でんた丸ブログ

新リース会計基準の影響

新リース会計基準が採用した使用権モデルの下では、原則として使用権資産とリース負債がオンバランスされるところ、これらの内容の詳細については今後解説していきます。

まずは新リース会計基準の適用の影響について、一覧してみます。

(1)借手はオペレーティング・リース(これまでは通常、均等な単一のリース費用を認識してきました。)についても、使用権資産とリース負債を計上した上で、その後、営業費用の区分で減価償却費を、営業外費用の区分で支払利息を別個に認識することになります。このことにより次のような影響が生じてきます。

①仕訳の増加と、それへのシステム対応

②営業外費用たる支払利息を別個に認識することによる、営業利益やEBITDAの上昇

③利息相当額の総額を借手のリース期間中の各期にわたり定額で配分する場合でなく、利息相当額を利息法で会計処理する場合には、支払利息の認識が前加重(前倒し)となるため、リース期間の後半より前半の方が費用計上額が大きくなる。

④使用権資産とリース負債を計上することによる自己資本比率や総資産利益率(ROA)の低下

⑤自己資本比率の低下による、銀行借入における財務制限条項への抵触の可能性

⑥使用権資産の計上による、潜在的な減損損失の計上対象資産の増加

⑦オペレーティング・リースにより利用してきた動産について、複雑な仕訳を回避するために、リースから購入への切り替えの検討

(2)契約の法形式を問わず、実質的にリースを構成する部分が契約に含まれていると判断した場合には、借手は(1)で述べたような会計処理を行う必要があります。このことから次のような負担が生じてきます。

①役務提供契約等の中に「実質リース」や「隠れリース」が含まれていないかの洗い出し

②上記洗い出しをした上での、利用しているリースのデータ項目の一覧化

③リース料改定などの情報を入手した時点での、タイムリーな使用権資産とリース負債の再測定

(3)借手のリース期間に見積りの要素が大幅に加わりました。つまり、借手が行使することが合理的に確実であるリースの延長オプションの対象期間と、借手が行使しないことが合理的に確実であるリースの解約オプションの対象期間が、解約不能期間に加わってリース期間が決定されることになります。

この「合理的に確実」といえるか否かを借手の統制下にある重要な事象又は状況から判断する必要があり、実際に当該オプションを行使する前の時点でリース期間が延長となり、使用権資産とリース負債のタイムリーな再測定をしなければならない場面が生じえます。

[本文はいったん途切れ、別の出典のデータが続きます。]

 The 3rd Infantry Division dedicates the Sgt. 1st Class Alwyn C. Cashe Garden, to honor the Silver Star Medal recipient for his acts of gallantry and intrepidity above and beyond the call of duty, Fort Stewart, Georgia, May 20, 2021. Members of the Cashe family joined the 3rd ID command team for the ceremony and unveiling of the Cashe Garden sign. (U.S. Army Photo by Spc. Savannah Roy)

このように新リース会計基準の適用対象企業には、業務プロセスの変更やシステム対応といった負担が新たに生じえます。そこで、借手の負担軽減の観点から、1契約当たりのリース料が300万円以下の少額リースについては、貸借対照表への計上を不要とするのみならず原則として契約期間だけでリース期間を判断することができることとし、また、借手のリース期間が1年以内で購入オプションを含まない短期リースについても貸借対照表への計上を不要とすることができるとされました。詳細は、企業会計基準適用指針第33号「リースに関する会計基準の適用指針」第20項ないし第23項をご覧ください。

リース会計基準の変遷

新リース会計基準が、ASBJから2024年9月に公表され、上場企業及び会社法上の大会社への適用が義務付けられることとなりました。原則的な適用時期は、2027年4月1日以後開始する連結会計年度及び事業年度の期首からですが、2025年4月1日以後開始する連結会計年度及び事業年度の期首からの早期適用も可能です。

そこで今回はまず、リース会計基準が、これまでどのように変遷してきたかをみます。なお、以下の基準改正の年月は、リース会計基準が公表された時点です。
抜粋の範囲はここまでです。